Part of that effort will include language calling for a concerted push on the global stage by the U.S. government and its allies to make the case for what Daniel calls “a free, open, secure and interoperable internet.” Traditionally, that framework has been largely taken for granted by the West as both the status quo and an inherently superior vision to the heavily restricted and surveilled model put forward by authoritarian governments.
But the embrace of spyware and widespread digital surveillance by countries like India, the world’s largest democracy, increasing restrictions and censorship on the open internet in NATO countries like Turkey, the rise of digitally repressive policies across the African continent and other examples in recent years underscore how these problems extend well beyond the “Big Four” of Russia, China, Iran and North Korea.
“I think it’s become clear that there’s an awful lot of the world that isn’t so necessarily convinced that having a free, open and fair interoperable internet is a great idea,” Daniel said. “I’m not talking about the Irans and Chinas of the world.

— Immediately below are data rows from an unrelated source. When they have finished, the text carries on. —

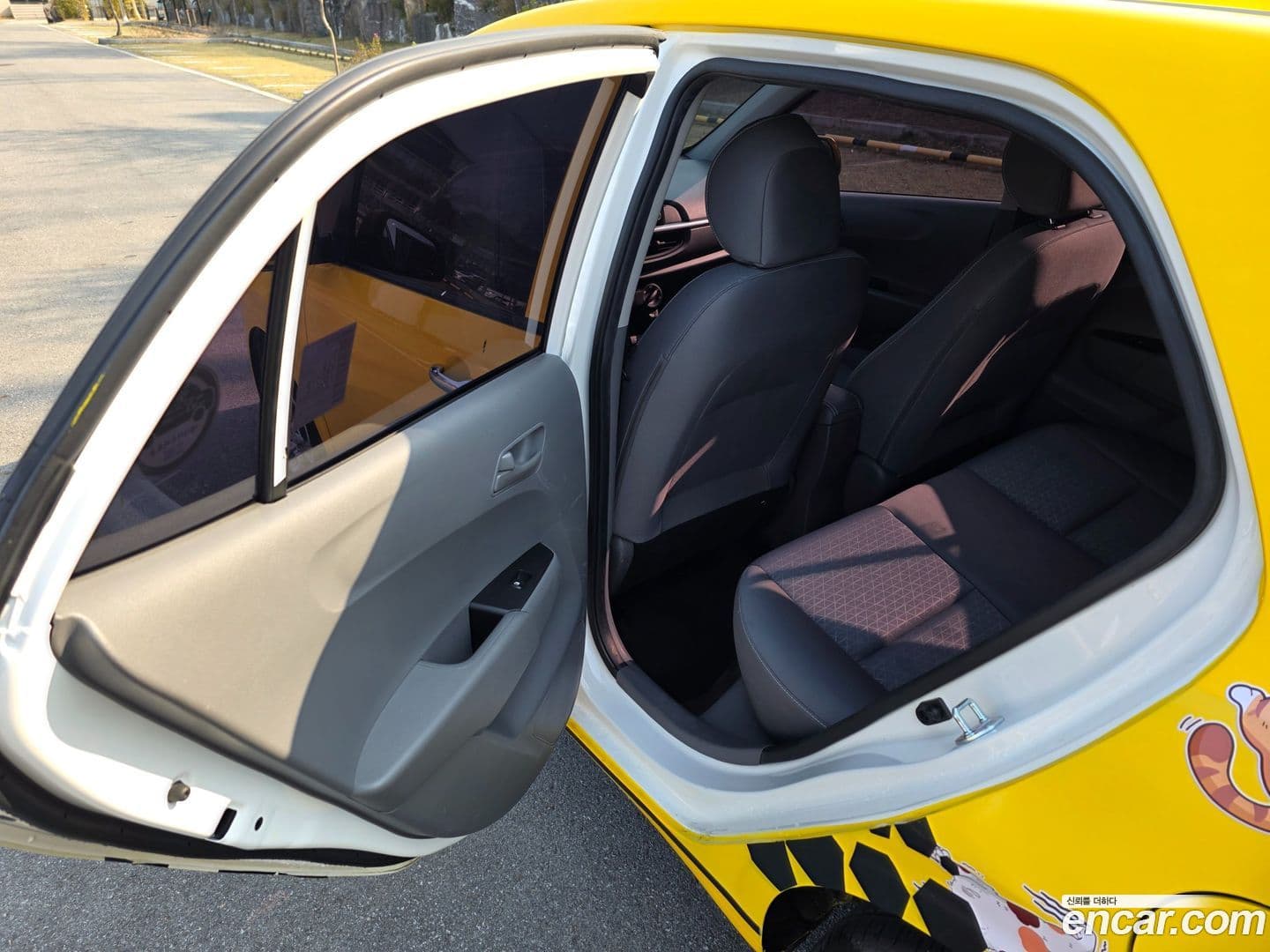 Main__Slider__Photo:morning Kia 2021.1-13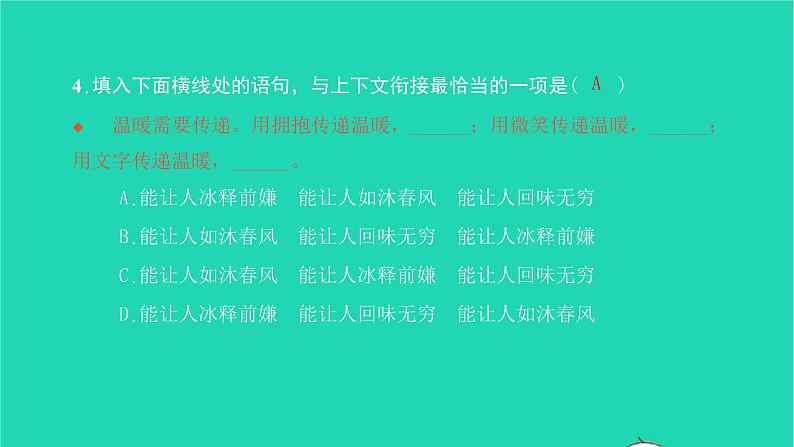 2022部编版语文七年级下册第四单元15驿路梨花习题课件08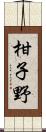 柑子野 Scroll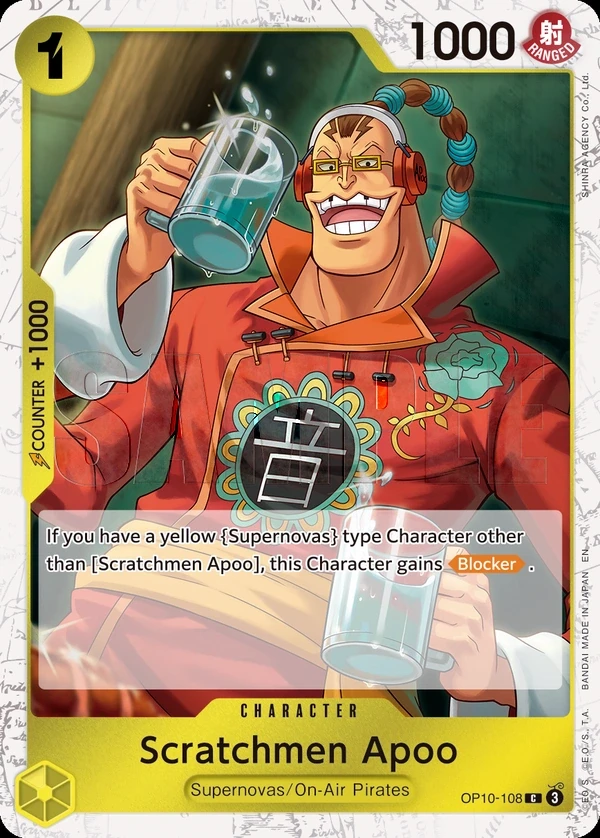 Scratchmen Apoo (OP10-108_p1) Alt Art One Piece card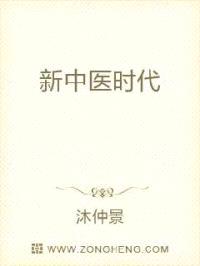 新中医时代封面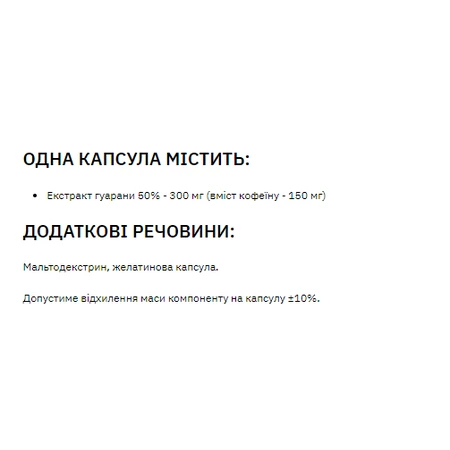 Гуарана 300 мг - 60 таблеток: ціни та характеристики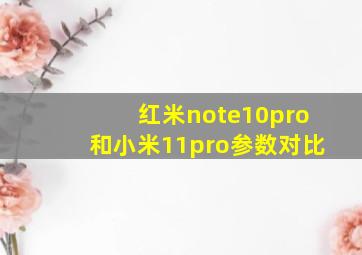 红米note10pro和小米11pro参数对比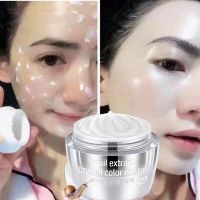 [一秒变白补水防晒]素颜霜=BB霜+隔离霜+粉底美白补水懒人面霜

They’ve already made their choice, but there’s a large chunk of the world that is still connecting to the internet and I think there’s a realization that we actually have to start making that case affirmatively for the kind of internet we want to see in the world.”

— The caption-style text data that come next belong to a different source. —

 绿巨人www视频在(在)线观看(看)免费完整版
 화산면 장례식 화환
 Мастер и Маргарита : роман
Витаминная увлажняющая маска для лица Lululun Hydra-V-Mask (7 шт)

The final strategy will also likely emphasize the need to disrupt and degrade command-and-control infrastructure used by hacking groups, particularly cybercriminal groups.
That follows a longer-term evolution at the Department of Justice and FBI in recent years away from “name and shame” indictments for hackers in countries unwilling to arrest or extradite them and toward the creative use of court orders and law enforcement authorities to make it more difficult for hacking groups to operate freely. Major tech providers like Microsoft have also executed court-sanctioned takedowns of adversary infrastructure.
Doubling down on that strategy by improving coordination between U.S. authorities, the private sector and partners abroad could help to place ransomware groups and other cybercriminals on their back foot and waste time and resources reconstituting their infrastructure that could otherwise be spent targeting victims.
The administration has tried to put together a strategy that is clearly saying ‘A big piece of this has to be actually imposing costs on the bad guy,” said Daniel. “We’re not going to be able to arrest our way out of this problem, so we’re going to have to do something different things … we’re going to have to expand the option set.”